Trois points émergent dans mes priorités en termes de réforme de l’organisation. Premièrement, l’OMS a absolument besoin d’un renforcement de son financement afin qu’il soit durable et non lié aux préférences des bailleurs de fonds. L’OMS ne peut pas être une institution forte si elle a toujours un budget aussi indigent et qu’elle ne contrôle qu’un quart de ce budget. Deuxièmement, les dirigeants politiques doivent impérativement et publiquement soutenir l’OMS quand certains pays ne sont pas prêts à communiquer rapidement au sujet de l’émergence d’une épidémie et ne coopèrent pas pleinement avec l’agence onusienne.
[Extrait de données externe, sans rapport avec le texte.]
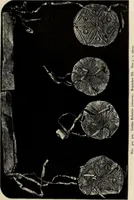 Picture 129 of 311 from Mycenae : a narrative of researches and discoveries at Mycenae and Tiryns (1878), leaf 285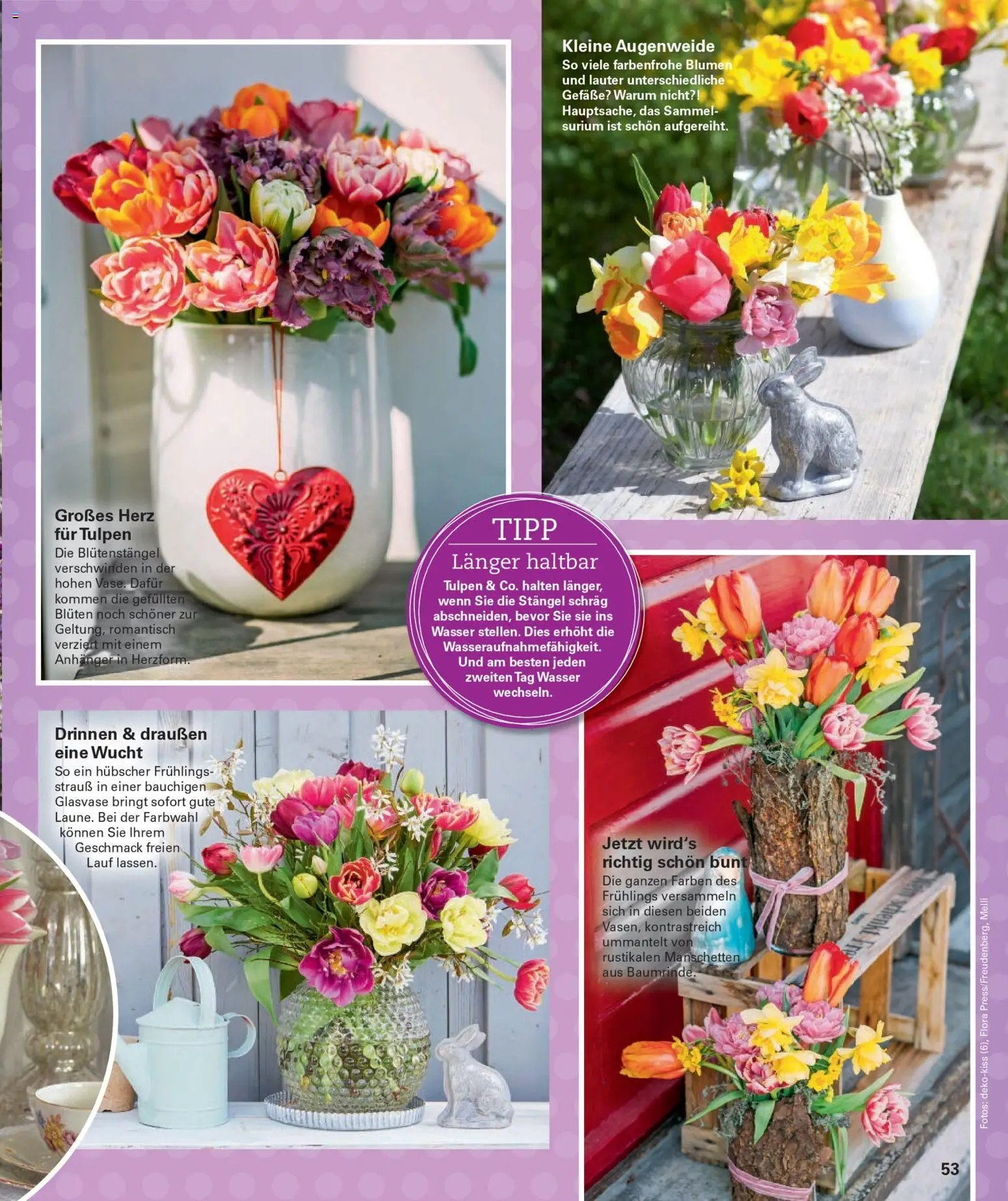 Poco Prospekt Wohnwelt Frühling 2026 – gültig ab 16.02.2026 | Seite: 53 | Produkte: Blumen, Wasser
En périodes de crise, on l’a clairement vu: il y a souvent eu un manque marqué de soutien politique et diplomatique pour l’OMS. Troisièmement, l’OMS doit avoir le pouvoir légal de vérifier de façon indépendante ce que communiquent les Etats et d’accéder aux territoires souverains des Etats quand cela s’avère absolument nécessaire pour éviter une pandémie.

Faut-il conférer à l’OMS un pouvoir de sanctions?

Oui, il est vraiment temps que l’OMS dispose d’un pouvoir de sanctions dans le cadre du Règlement sanitaire international. Après autant d’épidémies comme le SRAS, MERS et Ebola, il est impératif de doper le RSI pour donner à l’OMS le pouvoir dont elle a besoin.